All these projects have come together and identified the following challenges that need to be met before a community-owned and developed cyberinfrastructure can transform the field of science studies:

More specifically, the group also identified the following areas as short term goals that need to be developed immediately and in a coordinated fashion as they are foundational for any future cyberinfrastructre. Group members have each committed current resources to work on those:


  1. Ontology development. (Embryo Project) A formal ontology is critical to any digital project, to organize and structure the relevant terms and their relationships to one another. This ontology will be a necessary component of using semantic web technologies to do text mining and natural language processing of text documents in both the Embryo Project repository as well as other repositories. We have begun the difficult process of ontology development utilizing common tools in the informatics community (OWL, Protégé), but as it is a never-ending part of any digital project, we require more technical expertise in this area to develop it further (Noy and McGuinness 2001; Horridge et al 2007).
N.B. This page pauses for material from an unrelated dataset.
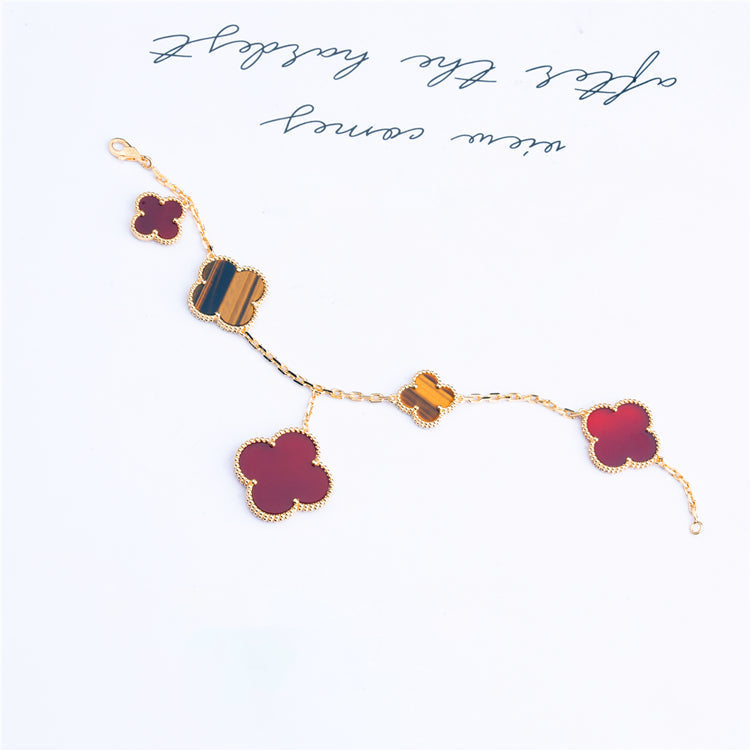 ⭐Miroze CLOVER BRACELET 5 MOTIFS CARNELIAN TIGER EYE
  2. Text mining and natural language processing (NLP). (Embryo Project, Archimedes, MPI, Newton, MBL, Stanford Encyclopedia). In order to extract relevant information from text, one must be able to develop tools that recognize not only exact terms matched against some ontology, but also perform natural language processing by recognizing words based on structures such as parts of speech (Riloff 1999). This will enable us to access large amounts of textual information and analyze its content computationally (see Hamed and Sarkar forthcoming).
  3. Working with other repositories and databases. (Embryo Project, MPI, MBL) In order to increase both the size and range of objects in our repository, we need the capability of accessing other databases to cull relevant information and populate our repository with either the content or references to the content. In the larger HPS community, there are no federated databases in the way that PubMed aggregates text sources in the biomedical field. Because there are so many separate databases, many of which are specific to a journal or publisher, many different strategies for accessing the content are required.
  4. RDF creation, storage, and use. (Embryo Project, ASU libraries). As part of the Embryo Project workflow of writing original articles, we are careful to include relationship information within the source of that article. These relationships are stored as a RELS-EXT datastream that contains the RDF metadata of all the objects and their relationships to one another (Brickley and Guha 2004). We have not yet determined how to utilize this rich source of information, but its use is critical if we are to leverage the power of the semantic web. If the sharing of data, rather than documents, is to be accomplished, we need to develop standards among HPS digital projects so that RDF representations are captured and made available to other projects (Allemang and Hendler 2006). Tools that facilitate the exchange of RDF information as well as its analysis within the scope of the project must also be developed.